The second averred that the work on the branch railroad referred to was done many years before the execution of the contract; that between the points of divergence in the location of said road from said branch, the old grade had wasted, the bridges decayed, the drains had filled up, and, for a large portion of the distance, no work had ever been done; that the work would be likely to wash away by high water if rebuilt, without an extraordinary expenditure *187of money in riprapping the same; that the allignment was very bad, three-fourths of it being curves, with many short ones, some of them in deep cuts and on high hills, and in some places heavy grades reaching almost to the maximum point; that on the east of White river, from the point of divergence on the north to Martinsville, the allignment was good, the same being a straight line all the way; that the surface of the country was level and even, presenting no 'deep cuts or high fills, making a remarkably easy grade ; that the line for construction upon the east side of White river was much shorter, to wit, one mile; the distance from Martinsville south-west to the old grade being required to be constructed any how, to form a junction with the Fairland route; that the location of plaintiff’s road upon the east side of White river for said distance made the construction of said plaintiff’s road much cheaper, better accommodated the public travel and the transportation of the products of the country in the White river valley and adjacent to said road, and beneficial to the public, the plaintiff, and defendant, and would in no wise injure or inconvenience said defendant, or any other one of the subscribers of donations to said company; wherefore said plaintiff says that it was impracticable to construct the road upon said old grade for said distance, and wholly impracticable as compared with the many advantages presented upon the east side of White river ; wherefore said plaintiff located her said road upon said east side of White river for said distance, as she had a right to do under the terms of said defendant’s subscription, and all of which said defendant at the time well knew and acquiesced in.

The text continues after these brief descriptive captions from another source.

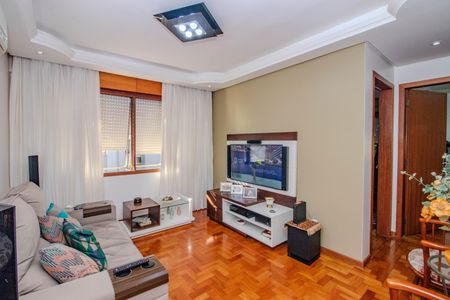 Sala de apartamento à venda com 3 quartos, 90m² em Jardim Itu, Porto Alegre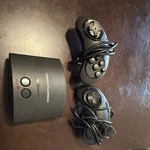 Atgames Legends Flashback Console Black Hdmi Sd Card Slot 2 Controllers Open. Price: $35.00.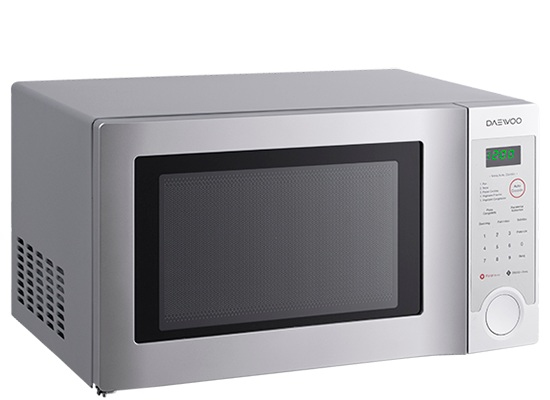 Daewoo KOR-1N3AS microwave Silver Countertop – image 2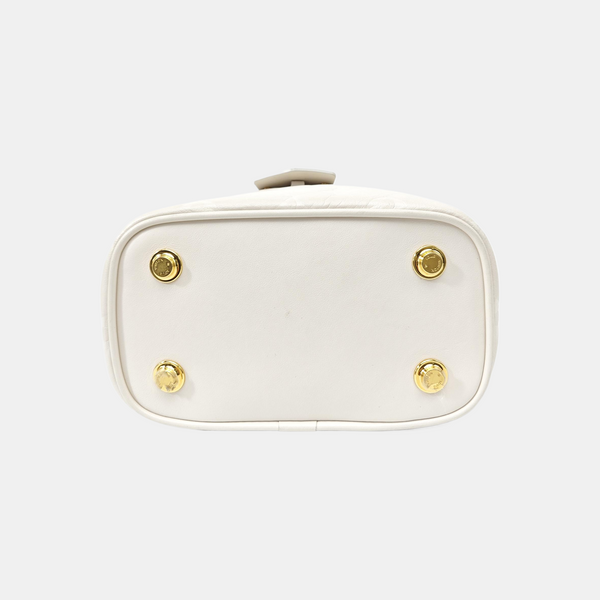 VANITY PM Monogram Lambskin White
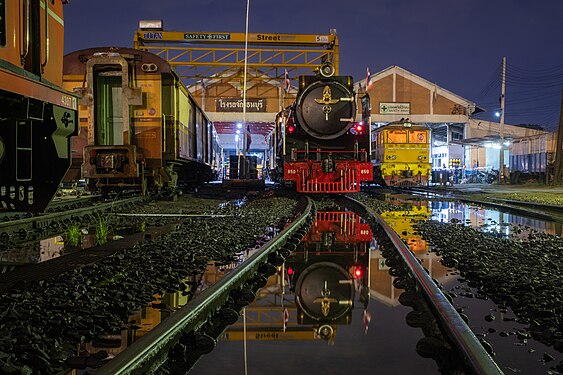 Thonburi_Railway_Station by User:Shane WP Wongperk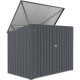 Baú multiusos 2300L / 2 contentores em aço galvanizado - X-METAL
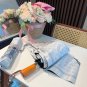 LV new three fold automatic folding umbrella with new coating technology, f_3467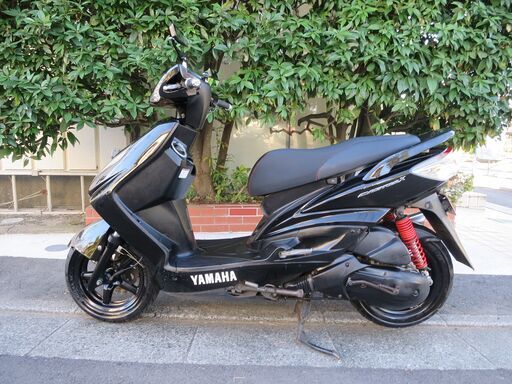 ヤマハ　シグナスX　2型(インジェクションモデル)　実働中古美車　チョイカスタム　バッテリー新品交換済　ナンバー登録書類あり ヤマハ シグナスX 2型(インジェクションモデル) 実働中古美車 チョイ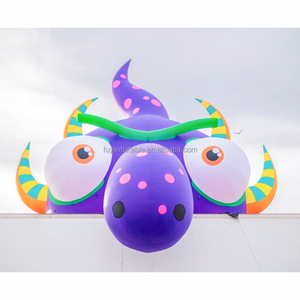 Monster tiup raksasa dengan banyak mata Model Monster tiup dekorasi iklan promosi dekorasi luar ruangan - Product Image 3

The third paragraph avers that on the —— day of September, 1867, the citizens residing upon the east side of White river, between Martinsville and Indianapolis, were very desirous of, and were making an effort to procure the location of said plaintiff’s road all the way on the east side of White river, from Indianapolis to Martinsville; that said defendant and the other subscribers of donations upon the *188west side of White river, on the - day of October, 1867, agreed with said plaintiff that the location of said plaintiff’s road should remain upon the west side of White river, as far south as Centerton, and that said plaintiff should have the privilege of crossing White river at some point south of Centerton, and going by Martinsville, if she should desire, and the said defendant and the other subscribers on the said west side of White river would guarantee their subscriptions to the amount of fifty thousand dollars, and that the work should commence immediately on the said west side of White river; that in pursuance of said agreement said defendant and other subscribers did guarantee said fifty thousand dollars, and the work did commence immediately on the west side of White river, and was prosecuted without unnecessary delay to completion, according to the terms of said guarantee and agreement; a copy of which guarantee was therewith filed and made a part thereof; that said plaintiff, in pursuance of said agreement, retained the location of her road upon the west side of White river to a point south of Centerton, from which point she crossed White river to the east side, and located her road through Martinsville, as she had a right to do under the terms of her said subsequent agreement, and all of which said defendant at the time had full knowledge, acquiesced in, and consented to.
The fourth paragraph avers that she admits that the line of the said road was varied from the line of the said old grade, as set forth in the second paragraph of said answer, but says that before the delivery of the contract sued on, it was agreed by and between the said defendant and his co-obligors thereon and the plaintiff that the divergence and change should be made in the manner aforesaid; that relying upon the good faith of said defendant and said otherá, she so builded and constructed said road in manner aforesaid; that the said defendant and said 'Others stood by, so agreeing, as aforesaid, with a full knowledge of the facts, and made no objections to the same being so constructed.
*189The appellee demurred to the second, third, and fourth paragraphs of the reply. The demurrers were sustained to the second and third, and overruled to the fourth. Proper exceptions were taken. The appellee also filed a general denial to the answer to his cross complaint.
It was after the issues were thus formed that the appellants were substituted as plaintiffs.
The cause was tried by a jury, and resulted in a verdict for the appellee. A motion for a new trial was filed and overruled, and proper exceptions taken, and final judgment rendered on the verdict.
The reasons assigned for a new trial were for refusing to give instructions asked, and for giving other instructions specified in the motion; for refusing competent evidence offered by them, and for receiving incompetent evidence offered by the appellee ; that the verdict was not sustained by the evidence, and was contrary to law.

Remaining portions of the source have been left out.